====== Supplied information
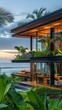 Modern tropical architecture with a sea view, embraced by lush greenery.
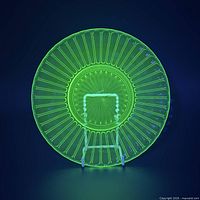 Plate glowing bright green under UV light showing uranium content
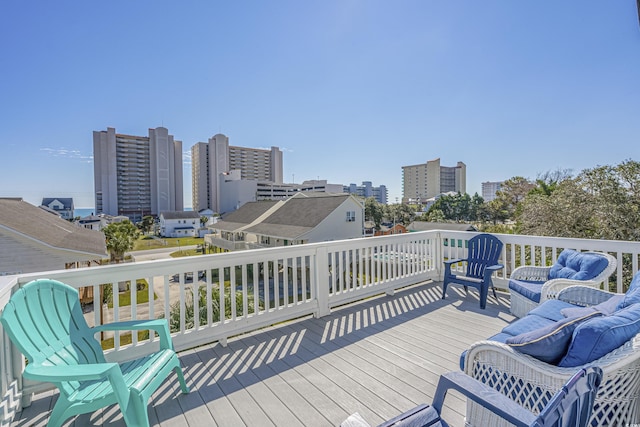 1613 Havens Dr, North Myrtle Beach, SC 29582 - wooden terrace featuring a city view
============
Your assignment: Return the listing above word for word, with the pictures removed.

Response for this exercise:
 Modern tropical architecture with a sea view, embraced by lush greenery.
 Plate glowing bright green under UV light showing uranium content
 1613 Havens Dr, North Myrtle Beach, SC 29582 - wooden terrace featuring a city view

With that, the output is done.